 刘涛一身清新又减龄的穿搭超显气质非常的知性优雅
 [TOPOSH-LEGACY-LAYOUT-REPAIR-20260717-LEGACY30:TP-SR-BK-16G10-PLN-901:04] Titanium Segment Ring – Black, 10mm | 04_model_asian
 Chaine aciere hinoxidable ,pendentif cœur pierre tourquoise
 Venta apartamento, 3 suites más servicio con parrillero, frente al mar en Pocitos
---
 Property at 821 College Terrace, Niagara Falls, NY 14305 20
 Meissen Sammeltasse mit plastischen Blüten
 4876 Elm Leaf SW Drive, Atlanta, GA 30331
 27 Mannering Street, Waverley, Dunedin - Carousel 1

Task goal> Which lines above run from the one containing "Property at 821" down to the one containing "27 Mannering Street, Waverley, Dunedin"? Repeat exactly those, both ends included, and nothing else.

Task response>
 Property at 821 College Terrace, Niagara Falls, NY 14305 20
 Meissen Sammeltasse mit plastischen Blüten
 4876 Elm Leaf SW Drive, Atlanta, GA 30331
 27 Mannering Street, Waverley, Dunedin - Carousel 1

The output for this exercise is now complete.